積水極むべからず

漢文、ときどき読書

拓跋氏と老子はどちらが貴いか?(李氏の出自)

 唐代の皇族、李氏は漢族の貴族「隴西の李氏」に連なる家系であると自称している。

ただ、唐代当時からこの自称はあまり信じられておらず、唐初にこうした正式見解を使い始めたころから実際の所「経歴詐称」であることは公然の秘密だったようだ。

 ついには当時の皇帝李世民がある僧侶と李家の出自について朝廷で議論することになるという椿事も起きている。

 どうしてそんなことになったかというと、仏教と道教の争い、というのが関連してくる。

 隴西の李氏は始祖を李耼、すなわち老子だと称している。そこで皇家が隴西の李氏を名乗る以上、偉大な先祖の起こした道教を敬わなくてはいけないということになり、建前上、まずは道教を優先するという政策をとるようになる。

ここで、困ったのが当時、貴族や漢族、非漢族も含め広範な信者を獲得してた仏教集団。一つの前の隋代では皇族挙げて厚く信仰を受けていた、ということもあったのか、この道教を何かにつけて優先するという態度は受け入れがたかった。

 そこで当時の仏教界で随一の学識を持つ法琳という僧侶が登場する。彼は、李世民の前の皇帝李淵の時代から、道教側と「どちらが優れているか」という議論を朝廷を巻き込んで行ってきた論客でもあった。

 二代目の李世民になり、仏教側の不利をひしひしと感じていた法琳はここで大胆にも、そもそも李氏が道教を敬う、その根本理由の是非に踏み込むことにした。つまり、「老子を先祖に持つ」という李氏の家系そのものの否定を試みた。

 朝廷と何回かのやりとりがあったあげく、彼は李世民の面前で詰問を受ける。その対話の中で彼は

「拓跋達闍が唐が言う李氏であり、陛下のお血筋の李氏は、この子孫であります。柱下(老子の意味)や、隴西の流れではないと私は聞いております」と断定する。

 別に法琳も当時の皇帝を侮辱しようとは考えておらず、ここから怒濤のフォローが始まる。曰く、老子は元々卑しい生まれで、その子孫は奴隷になったこともあるなどなど。そして、法琳がいう拓拔達闍については

 「後の北魏の皇族に拓跋氏(元氏)の家系で、貴種であった」

と述べ、懇々とこの血筋の尊さを説く。(仏僧らしく、金を黄銅に変えたり、絹をぼろ切れに代えるようなぼどこしをする無欲の人と誉めているようだ)
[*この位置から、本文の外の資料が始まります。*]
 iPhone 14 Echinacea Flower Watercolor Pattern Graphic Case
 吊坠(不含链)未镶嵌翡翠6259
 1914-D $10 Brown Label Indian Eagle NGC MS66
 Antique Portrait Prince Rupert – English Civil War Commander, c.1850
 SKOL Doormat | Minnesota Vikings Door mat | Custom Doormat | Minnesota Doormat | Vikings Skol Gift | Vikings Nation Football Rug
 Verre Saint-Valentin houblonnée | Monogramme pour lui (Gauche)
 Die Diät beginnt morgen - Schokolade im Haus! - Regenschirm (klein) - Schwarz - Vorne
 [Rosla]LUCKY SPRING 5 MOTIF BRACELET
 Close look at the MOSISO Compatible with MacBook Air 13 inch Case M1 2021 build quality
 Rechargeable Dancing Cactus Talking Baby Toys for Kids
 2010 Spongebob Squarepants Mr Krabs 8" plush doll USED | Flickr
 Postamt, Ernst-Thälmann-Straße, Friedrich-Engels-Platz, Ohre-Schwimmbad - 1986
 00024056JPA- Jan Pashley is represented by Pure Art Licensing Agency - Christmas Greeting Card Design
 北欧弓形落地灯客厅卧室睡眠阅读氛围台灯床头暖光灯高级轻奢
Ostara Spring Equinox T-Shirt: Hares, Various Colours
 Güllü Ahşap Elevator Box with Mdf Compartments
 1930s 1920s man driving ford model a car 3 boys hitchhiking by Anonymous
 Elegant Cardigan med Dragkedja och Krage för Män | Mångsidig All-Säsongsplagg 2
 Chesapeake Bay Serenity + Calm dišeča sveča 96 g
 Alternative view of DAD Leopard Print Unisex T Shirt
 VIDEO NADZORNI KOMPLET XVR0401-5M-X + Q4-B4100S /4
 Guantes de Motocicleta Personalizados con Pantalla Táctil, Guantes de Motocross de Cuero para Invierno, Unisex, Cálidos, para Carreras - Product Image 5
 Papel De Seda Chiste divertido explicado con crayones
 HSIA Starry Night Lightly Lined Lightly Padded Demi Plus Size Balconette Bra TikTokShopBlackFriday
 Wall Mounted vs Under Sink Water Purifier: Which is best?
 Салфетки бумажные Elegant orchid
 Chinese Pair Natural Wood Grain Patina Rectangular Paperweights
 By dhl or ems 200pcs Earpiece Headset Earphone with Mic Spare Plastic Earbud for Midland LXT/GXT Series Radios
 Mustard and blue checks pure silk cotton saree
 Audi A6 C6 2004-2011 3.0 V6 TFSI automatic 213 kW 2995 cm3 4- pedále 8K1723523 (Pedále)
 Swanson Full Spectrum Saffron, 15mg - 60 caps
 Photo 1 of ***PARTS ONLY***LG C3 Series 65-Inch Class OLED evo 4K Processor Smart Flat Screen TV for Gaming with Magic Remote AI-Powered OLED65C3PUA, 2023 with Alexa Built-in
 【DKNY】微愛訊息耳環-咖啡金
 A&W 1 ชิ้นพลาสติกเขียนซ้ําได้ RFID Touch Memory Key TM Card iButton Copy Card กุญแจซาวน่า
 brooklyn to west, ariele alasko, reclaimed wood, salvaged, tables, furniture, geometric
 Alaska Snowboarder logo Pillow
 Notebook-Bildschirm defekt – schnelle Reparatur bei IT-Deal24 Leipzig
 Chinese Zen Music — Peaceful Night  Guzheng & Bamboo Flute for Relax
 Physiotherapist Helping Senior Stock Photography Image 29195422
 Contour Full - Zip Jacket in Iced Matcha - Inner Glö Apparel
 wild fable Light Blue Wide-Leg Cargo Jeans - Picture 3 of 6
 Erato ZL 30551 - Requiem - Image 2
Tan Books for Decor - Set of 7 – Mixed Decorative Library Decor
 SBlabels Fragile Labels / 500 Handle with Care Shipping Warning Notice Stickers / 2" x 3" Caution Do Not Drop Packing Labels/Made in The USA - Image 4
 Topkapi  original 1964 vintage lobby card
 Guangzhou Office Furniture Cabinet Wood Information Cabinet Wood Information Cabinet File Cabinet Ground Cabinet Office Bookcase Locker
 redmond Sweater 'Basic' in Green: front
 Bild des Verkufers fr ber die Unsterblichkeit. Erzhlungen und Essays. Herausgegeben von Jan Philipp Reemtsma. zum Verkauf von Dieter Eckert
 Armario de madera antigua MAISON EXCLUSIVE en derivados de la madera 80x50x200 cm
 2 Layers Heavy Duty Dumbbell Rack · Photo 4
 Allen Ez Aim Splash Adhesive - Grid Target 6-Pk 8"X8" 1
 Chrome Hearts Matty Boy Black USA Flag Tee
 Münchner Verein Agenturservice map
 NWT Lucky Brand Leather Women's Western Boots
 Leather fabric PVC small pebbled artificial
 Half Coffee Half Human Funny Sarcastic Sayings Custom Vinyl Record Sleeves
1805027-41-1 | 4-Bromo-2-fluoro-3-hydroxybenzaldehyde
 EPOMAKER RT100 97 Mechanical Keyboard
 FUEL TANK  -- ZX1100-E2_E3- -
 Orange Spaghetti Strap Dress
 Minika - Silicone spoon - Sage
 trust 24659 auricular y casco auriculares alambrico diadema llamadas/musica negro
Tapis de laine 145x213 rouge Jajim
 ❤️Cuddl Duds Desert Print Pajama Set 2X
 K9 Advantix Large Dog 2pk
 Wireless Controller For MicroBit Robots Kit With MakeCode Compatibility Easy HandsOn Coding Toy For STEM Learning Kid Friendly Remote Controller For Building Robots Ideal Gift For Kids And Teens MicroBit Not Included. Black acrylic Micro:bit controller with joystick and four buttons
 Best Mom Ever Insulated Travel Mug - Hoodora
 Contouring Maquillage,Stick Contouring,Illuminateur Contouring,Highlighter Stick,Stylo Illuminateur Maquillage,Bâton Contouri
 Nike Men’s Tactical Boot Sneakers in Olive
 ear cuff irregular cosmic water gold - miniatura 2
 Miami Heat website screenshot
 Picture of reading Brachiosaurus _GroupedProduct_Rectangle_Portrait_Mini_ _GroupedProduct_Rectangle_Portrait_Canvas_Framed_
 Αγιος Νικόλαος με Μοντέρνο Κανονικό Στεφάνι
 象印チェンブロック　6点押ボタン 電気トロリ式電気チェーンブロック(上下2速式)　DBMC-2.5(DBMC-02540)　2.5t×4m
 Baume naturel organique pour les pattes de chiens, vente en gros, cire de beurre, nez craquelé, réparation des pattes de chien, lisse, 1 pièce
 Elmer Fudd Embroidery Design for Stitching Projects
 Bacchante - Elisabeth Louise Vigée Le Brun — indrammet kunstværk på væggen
 つまり、法琳自身が仏僧という特殊事情はあるのではあるが、彼の意識の中では老子の家系=隴西の李氏よりも北魏の皇族であった拓跋氏の方がより高い出自である、という話が展開されているようなのだ。

 当時はいわゆる貴族の時代であり、山東貴族(崔・盧・李・鄭)が社会的地位の上位に君臨する時代。かなりマイナーな意見ではあるものの、意外にもこうして北魏の皇族拓跋氏を貴ぶという考え方もあった、ということになる。

 こう言われた李世民だが、もちろん政府の公式見解と異なる意見を述べ先祖として敬っている老子を侮辱した法琳に激怒している。道教を貴ぶという姿勢も(近親を大事にするのは周代からのならいとか言って)変えることはなかった。

 ただその後、法琳の弁明を幾度か書状で見た李世民

 

「法琳は朕の祖先を侮辱したが、全く根拠がなくデタラメを言ったわけではない。特別に極刑を減じて、流罪としよう」

「法琳雖毀朕宗祖。非無典據。特可赦其極犯。徙在益部爲僧」

「法琳、朕の宗祖を毀つといえども、典拠無きにあらず。特に其の極犯を赦し徙して益部(益州)に在らしめ僧と為すべし」

 

とも言っている。

 李家の祖先、老子の家系について侮辱したことは許しがたいとしているものの、拓跋氏を祖とするという発言にはまんざらでもなさそうな何かを感じてしまうはひいき目だろうか。もちろん拓跋氏は非漢族である鮮卑の家系なのだが、それでも唐初はこうした観念がある時代でもあった。

 

 資料はいずれも『法琳別伝』より。なかなか読みづらくて、けっこう飛ばし読みをしたので誤読や解釈違いがあるかもしれない。

『法琳別伝』が収録されている『大正新脩大藏經』のデータベース

http://21dzk.l.u-tokyo.ac.jp/SAT/index.htmlから。

この逸話の日本語訳については礪波護先生の『隋唐の仏教と国家』(中公文庫)を参照した。